*** TASK INPUT Section Begins ***

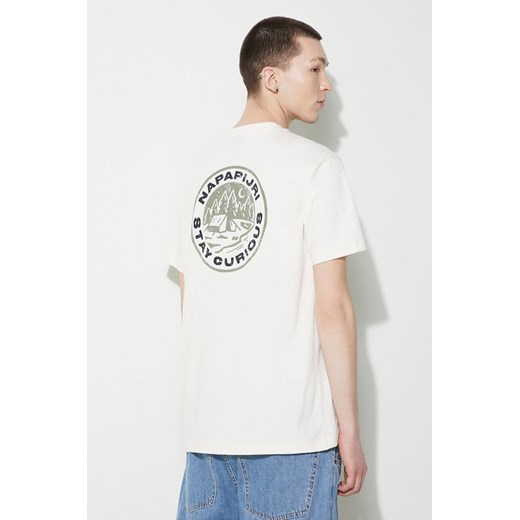 Napapijri t-shirt bawełniany S-Kotcho męski kolor beżowy z nadrukiem NP0A4HTVN1A1 ze sklepu PRM w kategorii T-shirty męskie - zdjęcie 169412709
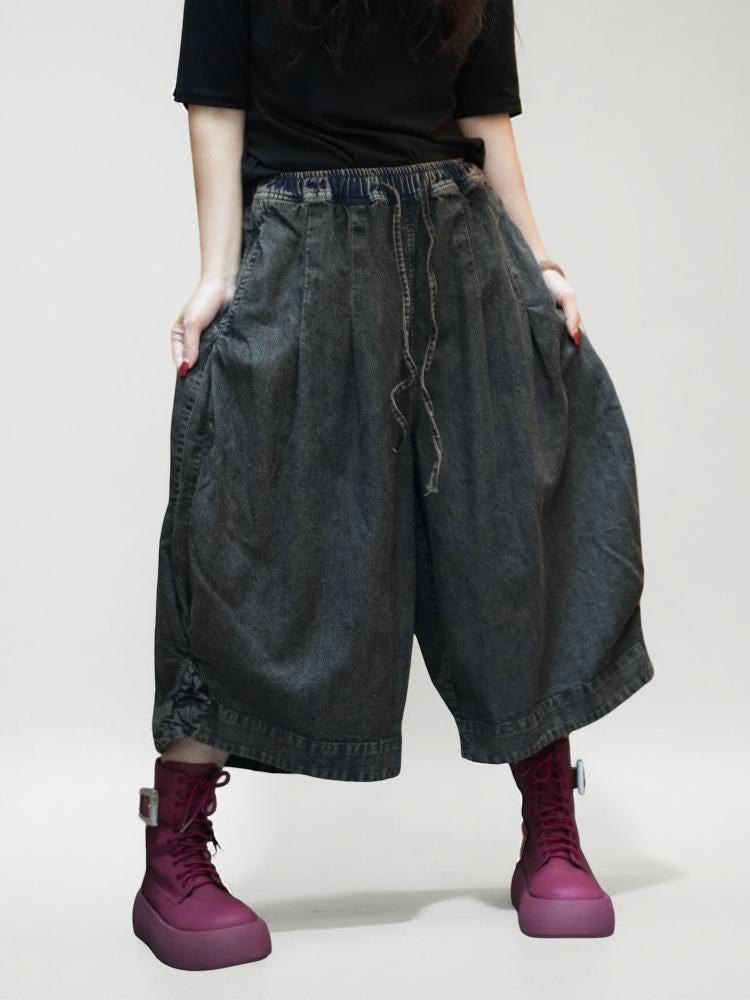 Smoky Black Patchwork Harem Pants | Vintage Washed Denim, Relaxed Wide Leg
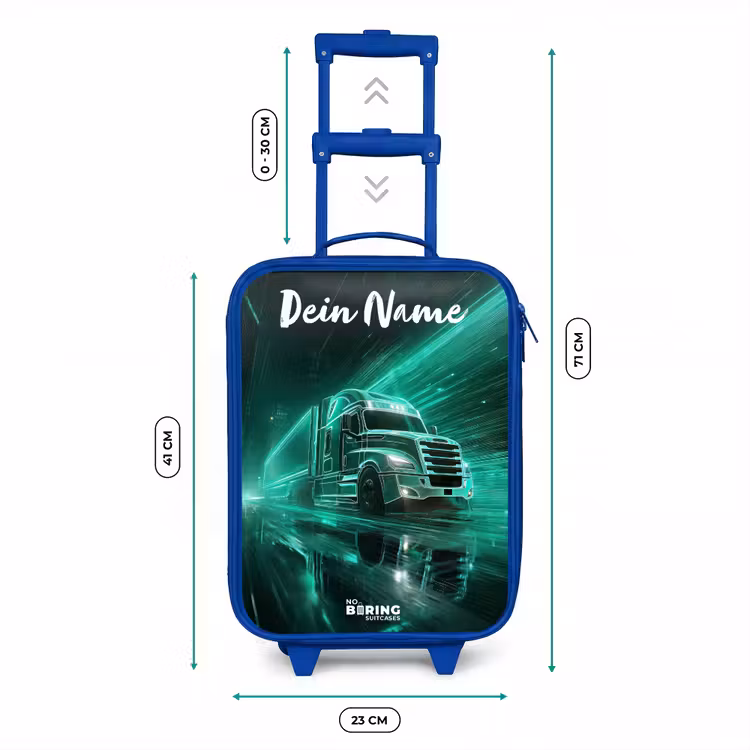 Kinderkoffer Blau mit Name - Lkw - Stadt - Grün - Neon — 6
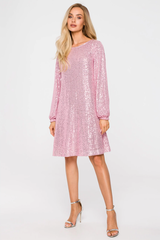 Sequin Dress With Puff Sleeves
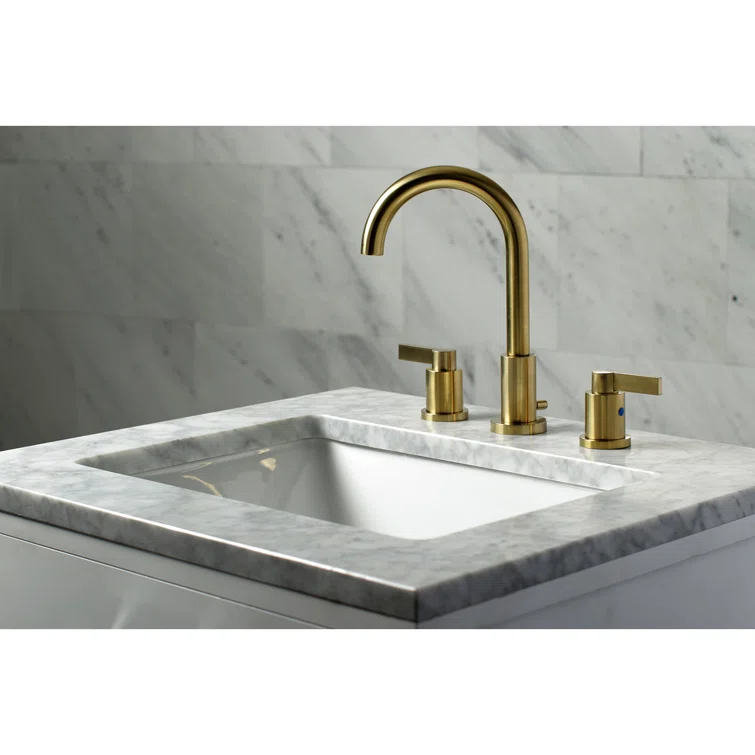 Kingston Brass NuvoFusion Two-Handle 3-Hole Deck Mount Widespread Bathroom Faucet with Brass Pop-Up Drain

*** TASK INPUT Section Ends ***

Write out exactly the lines above, from the very first through the line containing "Kinderkoffer Blau mit", both kept, with the pictures removed.

 Napapijri t-shirt bawełniany S-Kotcho męski kolor beżowy z nadrukiem NP0A4HTVN1A1 ze sklepu PRM w kategorii T-shirty męskie - zdjęcie 169412709
 Smoky Black Patchwork Harem Pants | Vintage Washed Denim, Relaxed Wide Leg
 Kinderkoffer Blau mit Name - Lkw - Stadt - Grün - Neon — 6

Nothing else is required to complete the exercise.